The SLA Math: What 99.9% Actually Means
Every SaaS platform promises uptime SLAs. Most quote 99.9%. That number sounds impressive until you do the math: 99.9% uptime allows for 8 hours, 45 minutes, and 36 seconds of downtime per year. That is your entire budget for maintenance windows, deployments, infrastructure failures, and DDoS attacks combined.
If you promise 99.95%, your total annual downtime budget drops to 4 hours and 22 minutes. At 99.99%, you get 52 minutes for the entire year.

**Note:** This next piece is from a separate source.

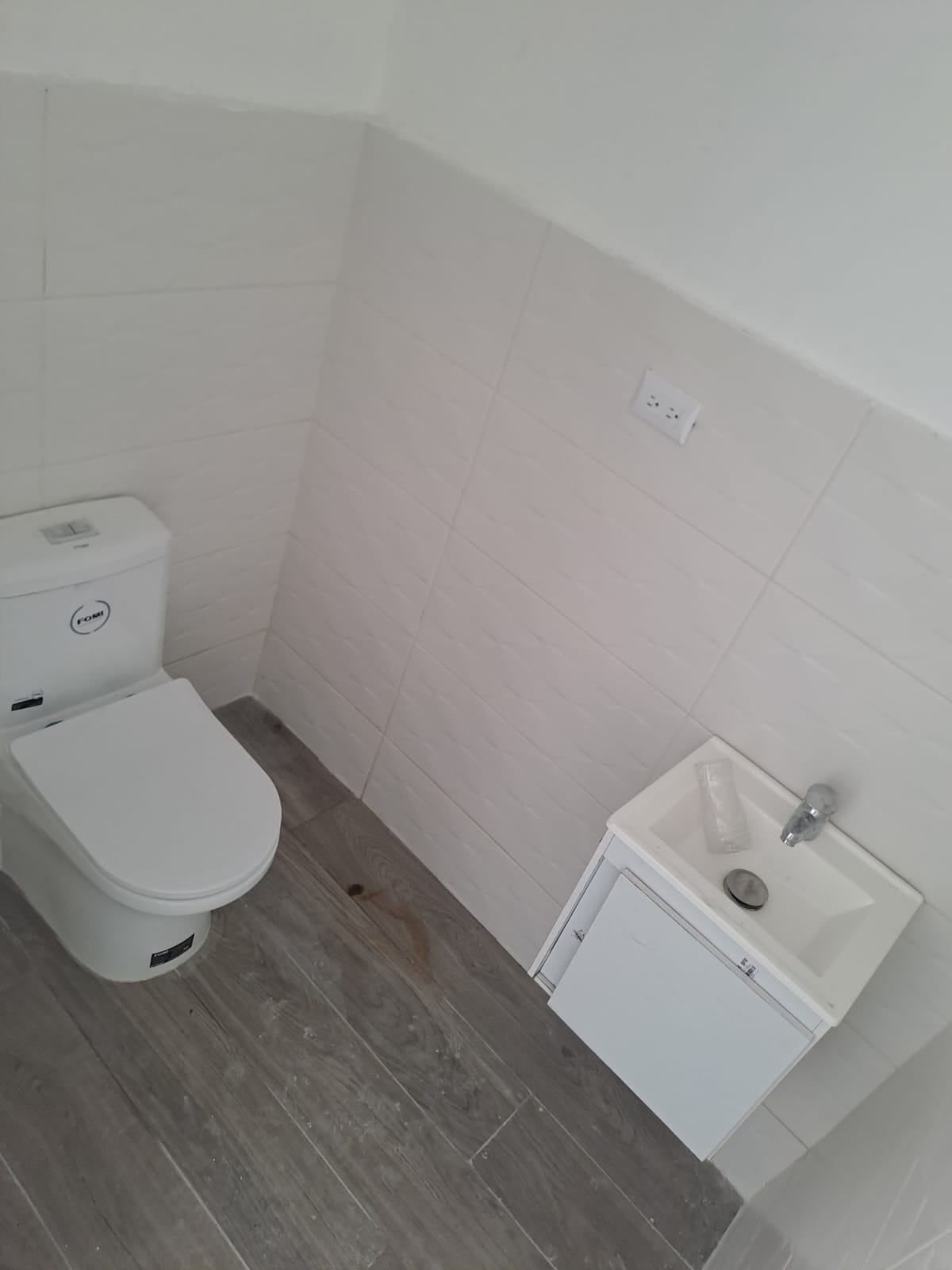 oficinas y locales comerciales - Alquilo local 1er piso 60 mts en arroyo hondo   4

SLA Target Annual Downtime Monthly Downtime Per-Incident Budget ────────────────────────────────────────────────────────────────────────── 99.9% 8h 45m 36s 43m 49s ~15 minutes 99.95% 4h 22m 48s 21m 54s ~7 minutes 99.99% 52m 33s 4m 23s ~2 minutes
A single unmitigated DDoS attack can consume your entire annual downtime budget in one afternoon. If your detection takes 5 minutes and your mitigation takes another 10, a single incident costs you 15 minutes - one third of your monthly budget at 99.9%.
This is why detection speed is not a nice-to-have for SaaS platforms. It is a contractual obligation.
Multi-Tenant Vulnerability: One Customer's Enemy Is Everyone's Problem
SaaS platforms have a unique DDoS exposure that single-tenant applications do not face. Your infrastructure is shared. Your database clusters, API gateways, load balancers, and compute nodes serve hundreds or thousands of customers simultaneously. When one customer's adversary launches a DDoS attack, every customer on the same infrastructure feels the impact.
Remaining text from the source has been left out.